Ceux qui y goûtent mériteront la vie
Il est écrit dans les textes de Rabbi Its’hak Louria que, la veille du Chabbat, il faut goûter aux plats qu’on consommera en ce jour.
Nous nous trouvons, au plan universel, à la veille du Chabbat dans l’après-midi, au seuil de la Délivrance. Nous devons donc déjà «goûter» au sens profond de la Torah qui sera révélé au temps de Machia’h.
A propos de cette révélation, il est écrit dans le Cantique des cantiques (1:2) : « Embrasse-moi des baisers de ta bouche. » Et Rachi commente : « Nous avons l’assurance de D.ieu qu’Il nous apparaîtra de nouveau pour nous expliquer la raison profonde et cachée des choses. »
(D’après Likoutei Si’hot vol.2 p. 475)
Bamidbar Chavouot
Plus qu’une coïncidence
Le 6 Sivan, la date du Don de la Torah, est associée à deux autres faits marquants de l’histoire juive : la mort du Roi David et celle du Baal Chem Tov, fondateur du mouvement ‘hassidique.
S’intéressant à la disparition d’un Tsaddik (Juste), Rabbi Chnéor Zalman écrit : « tous les efforts de l’homme dans lesquels son âme a œuvré au cours de sa vie… se révèlent et irradient… au moment de sa disparition, et… apportent la délivrance au sein de la terre. »
Il est donc clair que le départ de ce monde de ces deux luminaires à la date du Don de la Torah indique que l’œuvre de leur vie est liée à cet événement. Car tous deux, le roi David tout comme le Baal Chem Tov, participèrent à donner de l’ampleur au contenu du Don de la Torah.
Faire un pont
La révélation sinaïtique marque un tournant dans l’histoire spirituelle du monde. Avant le Don de la Torah, la substance matérielle du monde et la réalité spirituelle n’avaient aucune possibilité d’union. Mais avec cet événement, D.ieu « annula le décret originel et dit : ‘Que les royaumes inférieurs s’élèvent vers les royaumes supérieurs et les royaumes supérieurs descendront vers ceux qui sont en bas. Et Je prendrai l’initiative.’ Comme il est écrit : ‘Et D.ieu descendit sur le Mont Sinaï’ et ‘à Moché Il dit : monte vers D.ieu.’ »
Ce processus implique deux étapes. Tout d’abord « D.ieu descendit » : la manifestation de D.ieu dans ce monde. Cette étape atteignit son expression complète avec le Don de la Torah et la Présence Divine dans le Sanctuaire.
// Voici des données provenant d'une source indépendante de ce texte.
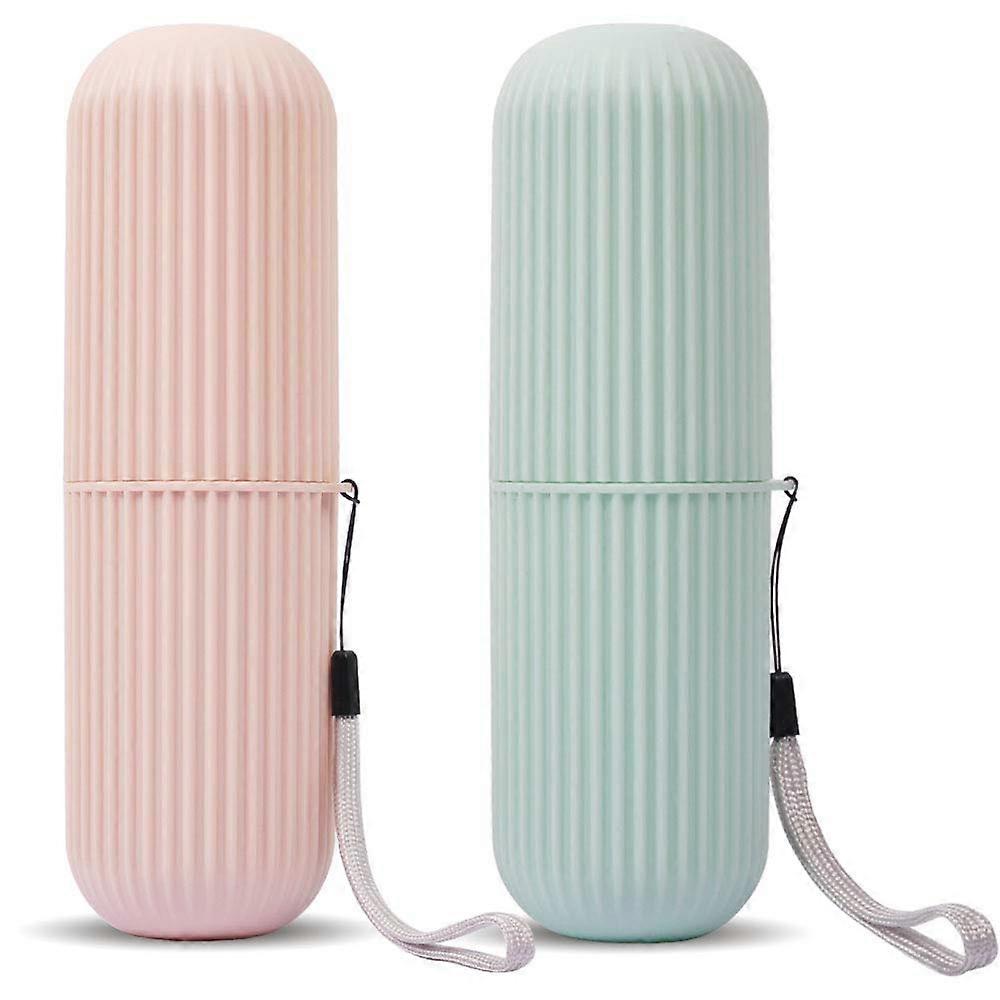 Portable Lightweight Ventilated Toothbrush Case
Ensuite, « monte vers D.ieu » : le raffinement de l’homme et de son environnement et la transformation de l’homme et de son monde en réceptacles pour la Divinité. Ce mouvement commença avec l’ascension de Moché sur le Mont Sinaï et n’a jamais cessé depuis.
Les accomplissements de David
Ce processus de raffinement parvint à un sommet, à l’époque du Roi David, et se traduisit en deux réalisations significatives. La première fut la consolidation de la royauté. Bien que Chaoul eût fait office de roi d’Israël avant David, sa souveraineté n’avait pas été acceptée par toutes les tribus. De plus, « une fois que David fut oint, il acquit la couronne royale. Depuis lors, la royauté lui appartient, à lui et à ses descendants, à tout jamais. » Ce ne fut pas le cas de Chaoul.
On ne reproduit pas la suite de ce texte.